Et quelle fut la désolation générale, lorsque l’on sut en quelles conditions M. Gibson était mort ! Mme Zieger, qui était accourue sur le quai, reçut Nat Gibson dans ses bras à l’instant où il débarquait. Les sanglots la suffoquaient, et, dès qu’elle put parler :

« Mon pauvre Nat… mon pauvre enfant… et votre mère… votre mère !… » répéta-t-elle, tandis que ses yeux se noyaient de larmes.

Nat Gibson dut accepter de passer à Wilhelmstaf les derniers jours de la relâche, M. Hawkins également. C’est ainsi que tous deux reprirent leurs chambres et s’assirent à la table de cette hospitalière maison où M. Gibson ne devait plus revenir !

M. Zieger ne voulut laisser à personne le soin de surveiller l’embarquement des cent cinquante tonnes de coprah en complément de la cargaison du brick. Il y fut aidé, d’ailleurs, par Karl et Pieter Kip, qui ne quittèrent pas le navire, même une heure. L’aîné des deux frères s’entendait parfaitement à ces arrimages, et, au surplus, Flig Balt s’en fût tiré sans peine, tant l’équipage le secondait avec zèle.

Le coprah mis en cale, on répartit à l’avant et à l’arrière les caisses de nacre à destination de Hobart-Town. En outre, comme, avant son voyage à Kerawara, le capitaine avait fait procéder aux travaux de nettoyage et de peinture, le départ ne fut pas retardé de ce chef.

Tout était terminé dans l’après-midi du 9.

Ce soir-là, M. Hawkins et Nat Gibson, accompagnés de M. et Mme Zieger, rentrèrent à bord, afin que le James-Cook pût mettre à la voile dès l’aube.
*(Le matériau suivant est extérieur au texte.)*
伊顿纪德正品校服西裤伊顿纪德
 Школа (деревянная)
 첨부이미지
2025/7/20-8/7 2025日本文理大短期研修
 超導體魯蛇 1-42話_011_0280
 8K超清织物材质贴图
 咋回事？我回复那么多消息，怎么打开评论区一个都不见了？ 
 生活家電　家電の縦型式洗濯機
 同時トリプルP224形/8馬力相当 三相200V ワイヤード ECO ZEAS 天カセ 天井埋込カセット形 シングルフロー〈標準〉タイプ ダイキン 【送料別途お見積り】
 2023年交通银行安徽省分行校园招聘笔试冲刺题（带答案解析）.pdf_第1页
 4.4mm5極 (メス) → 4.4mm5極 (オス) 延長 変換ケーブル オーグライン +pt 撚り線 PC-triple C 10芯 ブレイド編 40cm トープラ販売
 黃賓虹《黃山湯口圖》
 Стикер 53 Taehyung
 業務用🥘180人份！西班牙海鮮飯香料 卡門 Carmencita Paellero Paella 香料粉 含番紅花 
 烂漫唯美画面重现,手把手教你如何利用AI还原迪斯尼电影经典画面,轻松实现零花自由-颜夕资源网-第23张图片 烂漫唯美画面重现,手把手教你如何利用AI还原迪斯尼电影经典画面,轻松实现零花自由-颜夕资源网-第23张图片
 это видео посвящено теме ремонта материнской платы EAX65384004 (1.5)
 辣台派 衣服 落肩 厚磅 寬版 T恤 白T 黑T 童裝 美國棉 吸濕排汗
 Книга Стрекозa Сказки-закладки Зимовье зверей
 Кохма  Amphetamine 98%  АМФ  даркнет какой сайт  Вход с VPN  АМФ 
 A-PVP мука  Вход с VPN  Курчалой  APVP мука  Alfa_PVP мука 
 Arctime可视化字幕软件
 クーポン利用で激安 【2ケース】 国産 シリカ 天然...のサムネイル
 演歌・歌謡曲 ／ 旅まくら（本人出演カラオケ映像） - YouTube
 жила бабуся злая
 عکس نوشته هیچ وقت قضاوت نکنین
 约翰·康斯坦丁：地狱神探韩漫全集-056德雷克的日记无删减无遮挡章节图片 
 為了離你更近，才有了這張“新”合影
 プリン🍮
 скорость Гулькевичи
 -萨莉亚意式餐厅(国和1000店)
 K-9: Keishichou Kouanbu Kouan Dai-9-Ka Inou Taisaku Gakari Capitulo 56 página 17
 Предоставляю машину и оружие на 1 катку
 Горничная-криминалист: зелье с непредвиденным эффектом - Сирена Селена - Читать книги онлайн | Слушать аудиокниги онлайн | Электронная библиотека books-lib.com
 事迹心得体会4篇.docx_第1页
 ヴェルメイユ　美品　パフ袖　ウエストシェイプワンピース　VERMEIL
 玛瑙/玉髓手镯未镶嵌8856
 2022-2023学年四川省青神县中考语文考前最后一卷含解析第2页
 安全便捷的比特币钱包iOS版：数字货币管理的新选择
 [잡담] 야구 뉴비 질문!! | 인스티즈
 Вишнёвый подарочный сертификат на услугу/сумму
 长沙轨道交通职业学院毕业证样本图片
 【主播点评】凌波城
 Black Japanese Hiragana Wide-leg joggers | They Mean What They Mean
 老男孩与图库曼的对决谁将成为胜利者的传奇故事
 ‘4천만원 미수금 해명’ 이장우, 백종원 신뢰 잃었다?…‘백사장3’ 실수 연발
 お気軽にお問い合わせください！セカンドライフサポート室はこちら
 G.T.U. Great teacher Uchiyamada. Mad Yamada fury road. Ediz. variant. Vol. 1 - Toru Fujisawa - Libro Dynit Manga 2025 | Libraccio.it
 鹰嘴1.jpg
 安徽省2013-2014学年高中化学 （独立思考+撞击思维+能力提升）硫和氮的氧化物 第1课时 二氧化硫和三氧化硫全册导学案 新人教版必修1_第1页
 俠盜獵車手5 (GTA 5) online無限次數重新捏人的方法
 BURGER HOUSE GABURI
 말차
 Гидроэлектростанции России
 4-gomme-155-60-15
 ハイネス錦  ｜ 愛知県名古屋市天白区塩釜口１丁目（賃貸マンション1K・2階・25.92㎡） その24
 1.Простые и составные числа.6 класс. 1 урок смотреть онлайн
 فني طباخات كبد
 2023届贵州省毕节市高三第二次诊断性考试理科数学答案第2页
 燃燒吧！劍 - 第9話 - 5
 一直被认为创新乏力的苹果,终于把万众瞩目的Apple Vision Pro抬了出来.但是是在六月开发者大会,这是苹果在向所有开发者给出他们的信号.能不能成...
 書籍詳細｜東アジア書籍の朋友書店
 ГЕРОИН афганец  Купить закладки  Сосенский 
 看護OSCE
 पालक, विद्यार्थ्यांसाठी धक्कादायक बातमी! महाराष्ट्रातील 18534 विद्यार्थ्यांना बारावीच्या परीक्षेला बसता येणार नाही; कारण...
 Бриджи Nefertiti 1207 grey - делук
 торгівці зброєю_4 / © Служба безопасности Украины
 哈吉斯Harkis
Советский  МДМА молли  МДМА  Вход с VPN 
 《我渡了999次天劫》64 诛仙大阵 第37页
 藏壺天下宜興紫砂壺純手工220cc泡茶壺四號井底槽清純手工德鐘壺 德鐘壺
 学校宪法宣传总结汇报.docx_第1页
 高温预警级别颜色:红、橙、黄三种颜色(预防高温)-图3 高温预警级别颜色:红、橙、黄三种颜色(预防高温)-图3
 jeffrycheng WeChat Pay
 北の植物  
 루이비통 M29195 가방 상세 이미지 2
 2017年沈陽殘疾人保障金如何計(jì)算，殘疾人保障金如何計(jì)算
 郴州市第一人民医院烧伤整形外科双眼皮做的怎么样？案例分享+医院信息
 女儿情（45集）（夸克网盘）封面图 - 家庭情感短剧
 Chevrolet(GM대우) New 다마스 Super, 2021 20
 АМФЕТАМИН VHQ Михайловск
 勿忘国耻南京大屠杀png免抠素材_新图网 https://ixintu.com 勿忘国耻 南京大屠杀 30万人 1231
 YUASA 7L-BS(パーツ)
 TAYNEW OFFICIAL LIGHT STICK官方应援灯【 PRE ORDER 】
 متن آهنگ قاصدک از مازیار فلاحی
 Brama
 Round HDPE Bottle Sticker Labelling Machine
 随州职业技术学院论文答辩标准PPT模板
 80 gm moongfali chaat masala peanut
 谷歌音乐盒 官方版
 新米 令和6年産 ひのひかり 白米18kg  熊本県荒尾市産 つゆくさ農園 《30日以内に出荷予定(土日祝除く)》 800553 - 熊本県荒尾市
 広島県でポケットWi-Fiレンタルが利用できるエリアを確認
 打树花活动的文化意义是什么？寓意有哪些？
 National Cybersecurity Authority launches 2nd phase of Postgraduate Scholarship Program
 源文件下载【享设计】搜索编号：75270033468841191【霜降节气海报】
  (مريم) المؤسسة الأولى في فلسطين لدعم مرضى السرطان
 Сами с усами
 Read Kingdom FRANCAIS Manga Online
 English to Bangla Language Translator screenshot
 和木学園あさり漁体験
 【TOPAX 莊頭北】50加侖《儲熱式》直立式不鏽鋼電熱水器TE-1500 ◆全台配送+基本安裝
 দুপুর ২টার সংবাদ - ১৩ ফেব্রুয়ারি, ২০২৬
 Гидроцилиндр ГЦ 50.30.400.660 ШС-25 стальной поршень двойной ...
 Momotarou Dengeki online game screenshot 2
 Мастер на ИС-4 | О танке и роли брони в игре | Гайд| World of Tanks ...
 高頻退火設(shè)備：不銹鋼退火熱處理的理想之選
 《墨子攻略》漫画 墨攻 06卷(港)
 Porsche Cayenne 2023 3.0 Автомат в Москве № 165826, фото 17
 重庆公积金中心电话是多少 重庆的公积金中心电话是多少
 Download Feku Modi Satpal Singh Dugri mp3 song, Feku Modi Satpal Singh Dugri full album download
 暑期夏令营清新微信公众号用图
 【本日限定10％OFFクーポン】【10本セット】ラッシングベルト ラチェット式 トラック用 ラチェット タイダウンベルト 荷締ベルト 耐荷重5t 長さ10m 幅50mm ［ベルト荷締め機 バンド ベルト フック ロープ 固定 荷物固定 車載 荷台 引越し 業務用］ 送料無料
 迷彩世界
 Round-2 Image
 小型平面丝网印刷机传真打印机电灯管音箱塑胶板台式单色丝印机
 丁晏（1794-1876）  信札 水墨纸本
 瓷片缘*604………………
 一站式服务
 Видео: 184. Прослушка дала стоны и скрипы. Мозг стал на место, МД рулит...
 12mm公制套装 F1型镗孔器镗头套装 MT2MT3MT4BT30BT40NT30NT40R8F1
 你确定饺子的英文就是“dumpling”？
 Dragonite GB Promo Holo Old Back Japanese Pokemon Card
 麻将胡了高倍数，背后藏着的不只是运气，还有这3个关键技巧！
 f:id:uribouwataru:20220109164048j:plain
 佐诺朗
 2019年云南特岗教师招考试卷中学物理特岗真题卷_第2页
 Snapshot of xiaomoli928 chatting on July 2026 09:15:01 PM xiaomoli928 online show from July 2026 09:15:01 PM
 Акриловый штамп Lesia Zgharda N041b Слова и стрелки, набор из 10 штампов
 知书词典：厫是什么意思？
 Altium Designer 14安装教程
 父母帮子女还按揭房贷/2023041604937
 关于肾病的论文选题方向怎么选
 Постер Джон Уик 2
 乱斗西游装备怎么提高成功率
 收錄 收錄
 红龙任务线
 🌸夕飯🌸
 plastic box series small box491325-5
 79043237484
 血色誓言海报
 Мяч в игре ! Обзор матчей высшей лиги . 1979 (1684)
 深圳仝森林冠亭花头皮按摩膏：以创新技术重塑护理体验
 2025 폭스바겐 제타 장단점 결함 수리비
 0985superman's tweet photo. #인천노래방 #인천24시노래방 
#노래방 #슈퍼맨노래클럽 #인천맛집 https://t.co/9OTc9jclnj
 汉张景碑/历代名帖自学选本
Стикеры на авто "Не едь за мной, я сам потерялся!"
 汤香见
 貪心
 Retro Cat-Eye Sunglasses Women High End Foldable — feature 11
Lorsqu’ils arrivèrent, ils furent reçus par Flig Balt, qui se tenait à l’échelle. M. Hawkins lui dit alors :

« Tout est paré ?…

— Oui, monsieur Hawkins.

— Eh bien, Flig Balt, demain, nous prendrons la mer… Vous avez conduit le brick de Kerawara à Port-Praslin, conduisez-le de Port-Praslin à Hobart-Town… Vous le commandez désormais…

— Je vous remercie, monsieur Hawkins », répondit Flig Balt, tandis que l’équipage laissait entendre un murmure approbatif.

L’armateur serra la main du nouveau capitaine, mais ne s’aperçut pas qu’elle tremblait dans la sienne.

M. et Mme Zieger firent leurs adieux à Nat Gibson, à M. Hawkins, et n’oublièrent pas les frères Kip, pour lesquels ils éprouvaient une vive sympathie. Puis, sur la promesse d’aller passer, dès qu’ils le pourraient, quelques semaines en Tasmanie près des deux familles, ils regagnèrent leur habitation.

Le lendemain, dès cinq heures du matin, le capitaine Balt fit ses préparatifs d’appareillage.

Une heure après être sorti des passes de Port-Praslin, le James-Cook, cap au sud-est, se trouvait au large de la Nouvelle-Irlande.